Maternal obesity may fundamentally change offspring risk for metabolic disease in later life, though the molecular mechanisms in human infants are poorly understood. We tested the novel hypothesis that mesenchymal stem cells (MSCs) derived from umbilical cord tissue of babies born to obese mothers would exhibit increased adipogenesis and decreased myogenesis in culture, and would show evidence for insulin resistance when differentiated to myocytes. MSCs were cultured from term (39.9 ± 0.2 wk) infants born to obese mothers (Ob MSC, n=12; pre-pregnancy (pp)BMI = 35.1 ± 1.3 kg/m2) or to normal weight mothers (NW MSC, n=12; ppBMI = 21.2 ± 0.3 kg/m2) participating in the Healthy Start Study. Prior to differentiation, Ob MSCs expressed 2-fold greater CD13, a cell surface marker linked with increased adipogenesis (P<0.05). MSCs were then differentiated to either adipocytes or myocytes for 21d and protein markers of adipogenesis (peroxisome proliferator-activated receptor [PPAR]γ) or myogenesis (myosin heavy chain [MHC]) were measured. Cells were stained with Oil Red O (ORO) to assess lipid accumulation. When differentiated to adipocytes, Ob MSCs expressed 50% more PPARγ protein content than NW MSCs (P<0.05). When the MSCs were differentiated to myocytes, there were no differences in MHC content, though ORO indicated a 50% higher lipid content in the Ob MSCs (P<0.05).
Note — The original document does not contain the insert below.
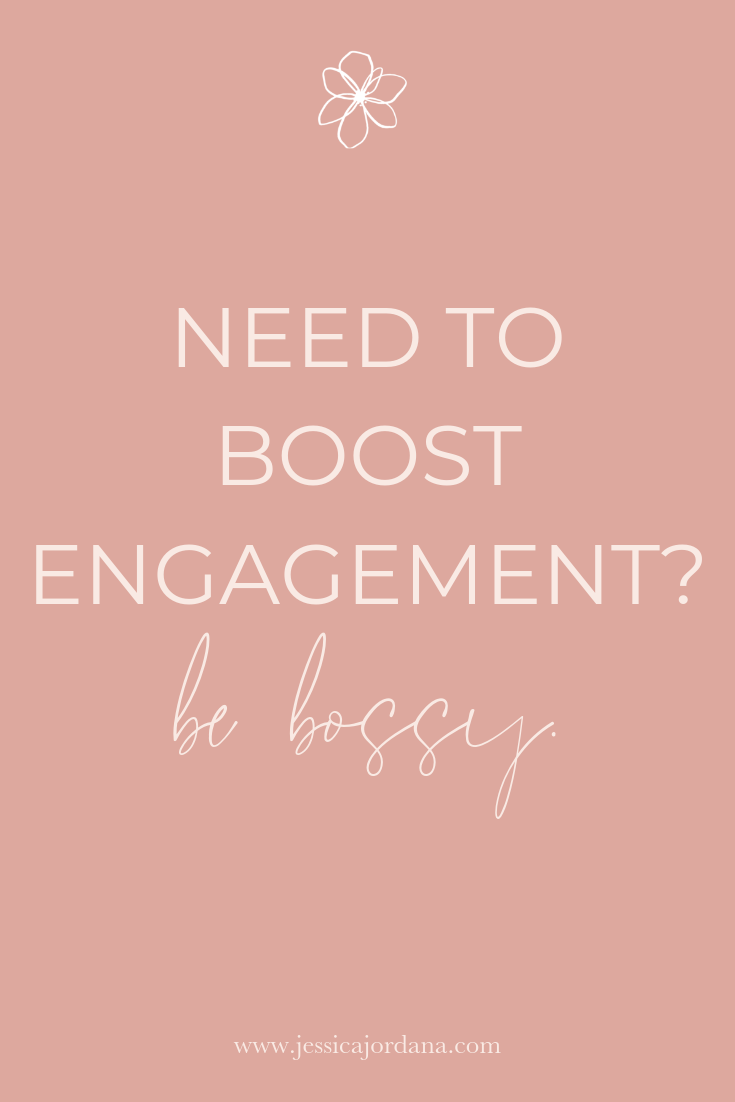 Need to Boost Engagement? Be Bossy.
In a subset of subjects (n=4-5/group) we observed lower mRNA content of the methylation/demethylation enzymes DNA methyltransferase 1 and lysine-specific demethylase 6A in Ob MSCs (-35%, P=0.06 and -40%, P<0.05; respectively). mRNA content of glucose transporter (GLUT)4 was 60% lower in Ob MSCs (P<0.05) and inversely correlated with ppBMI (r2=0.52, P<0.05). Our data suggest an inherent propensity for adipogenesis in Ob MSCs. Greater lipid content and reduced GLUT4 in myogenic Ob MSCs also suggest a programmed risk for insulin resistance that may be under epigenetic control.